Task directions:
Wherever the line that contains "Mascara trang điểm làm đẹp mi tiện lợi" falls, repeat it and the lines after it exactly until the records end, without any pictures.

☆ ☆ ☆ ☆ ☆ ☆ ☆

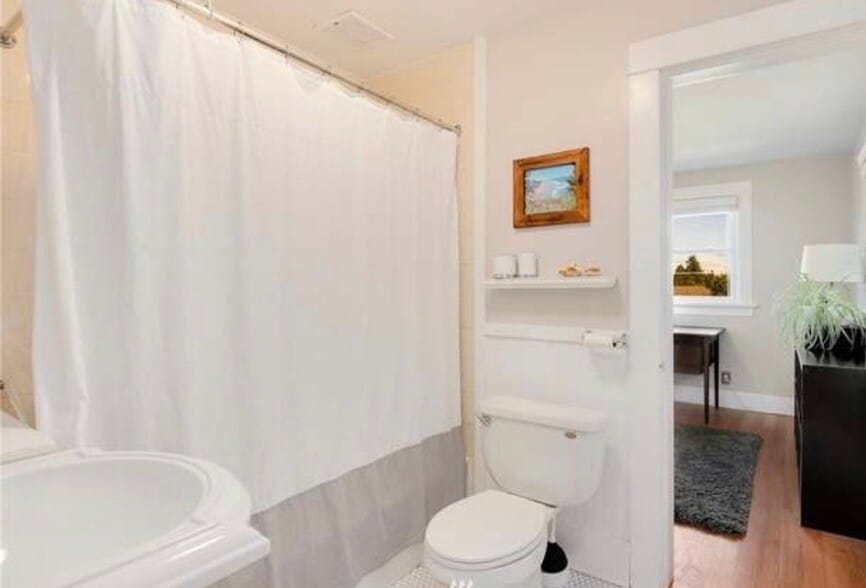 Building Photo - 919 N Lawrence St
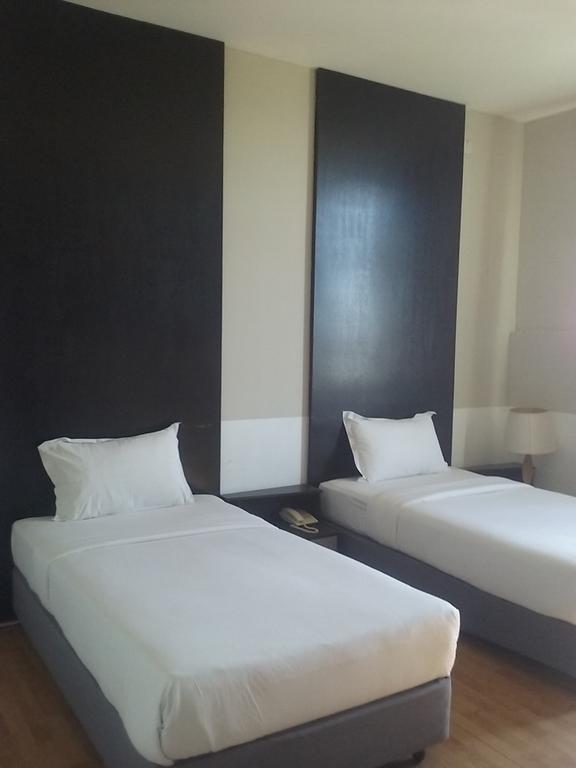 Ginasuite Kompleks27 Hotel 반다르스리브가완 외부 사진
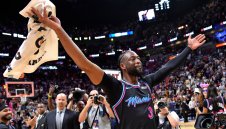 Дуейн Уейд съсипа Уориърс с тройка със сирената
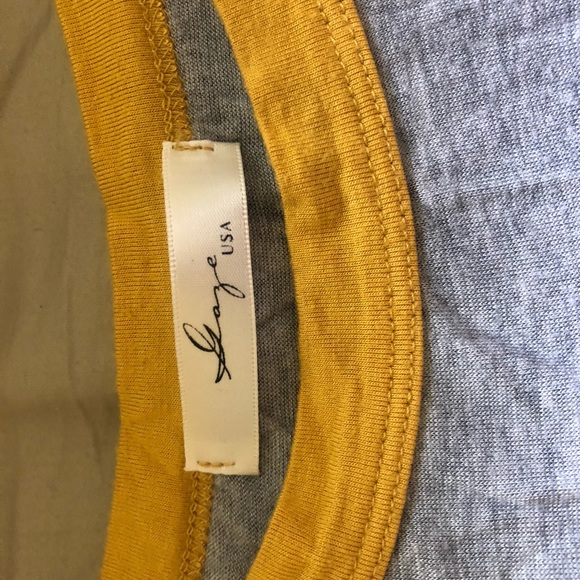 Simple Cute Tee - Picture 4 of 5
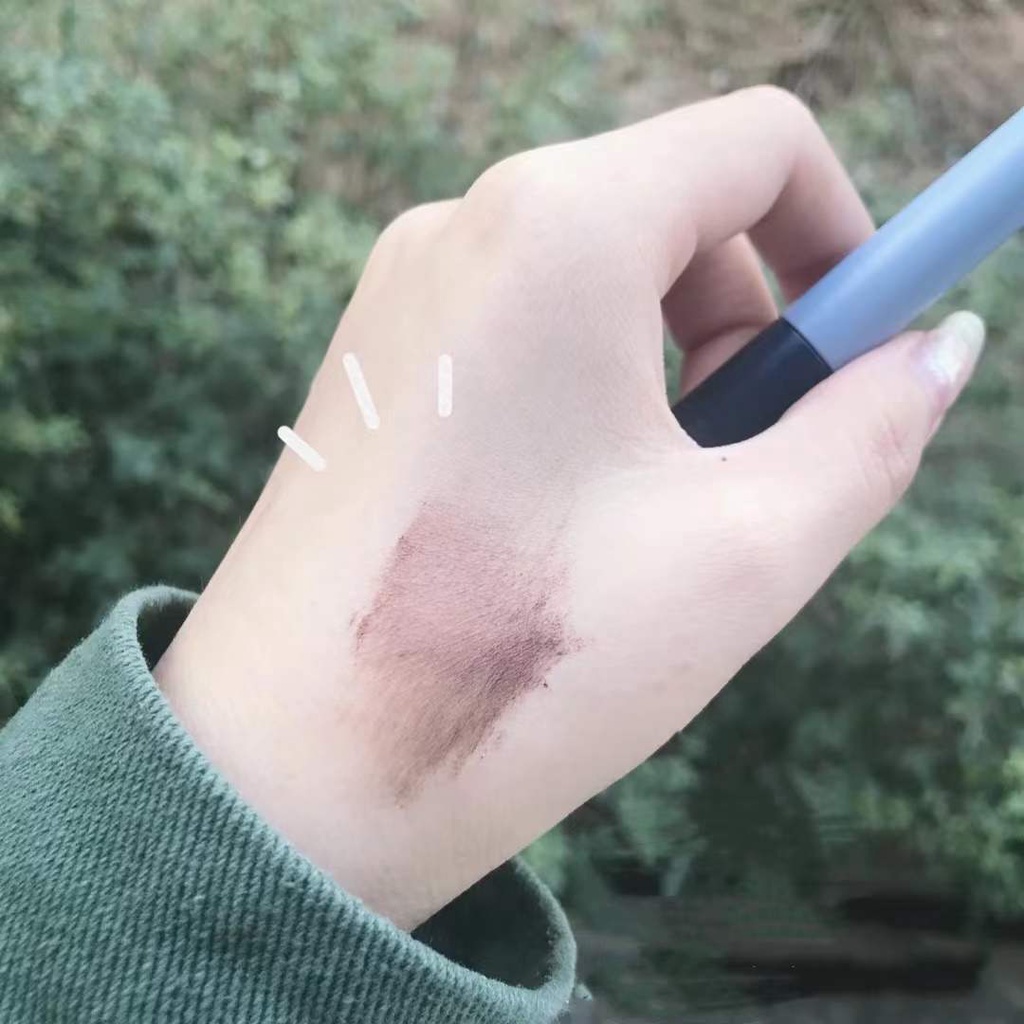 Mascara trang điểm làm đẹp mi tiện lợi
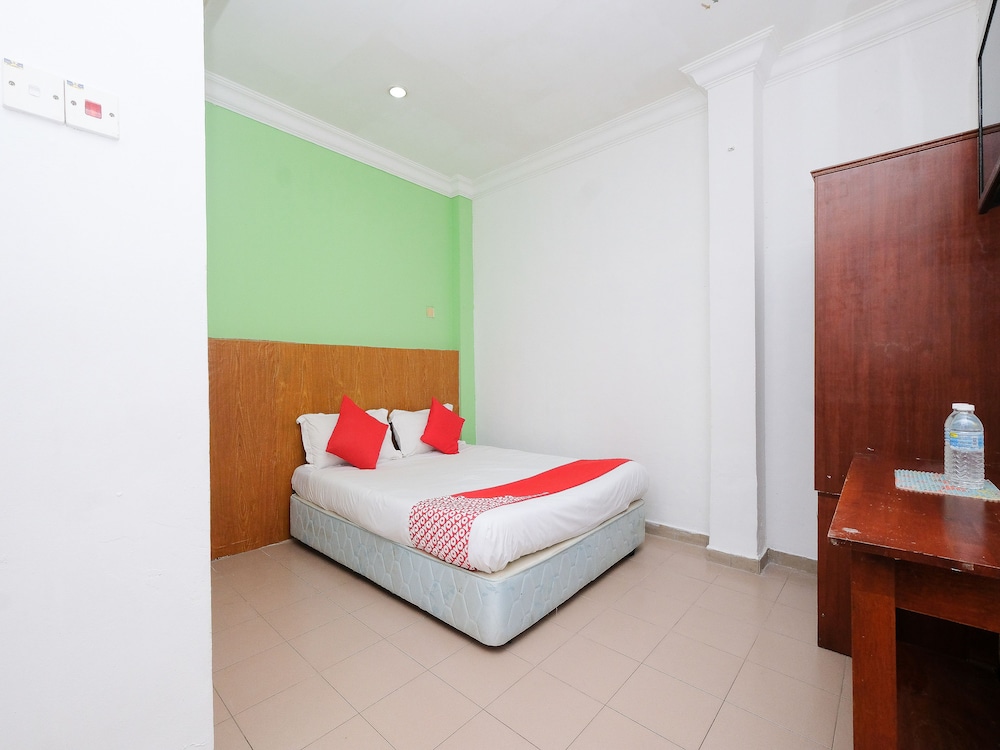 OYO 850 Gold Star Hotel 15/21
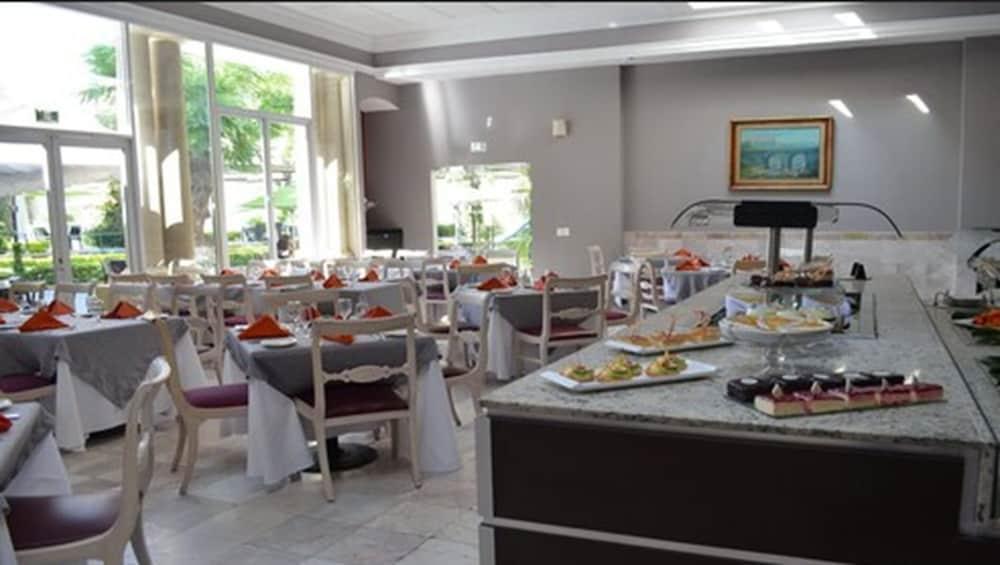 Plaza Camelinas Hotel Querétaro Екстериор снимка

☆ ☆ ☆ ☆ ☆ ☆ ☆

Response box:
 Mascara trang điểm làm đẹp mi tiện lợi
 OYO 850 Gold Star Hotel 15/21
 Plaza Camelinas Hotel Querétaro Екстериор снимка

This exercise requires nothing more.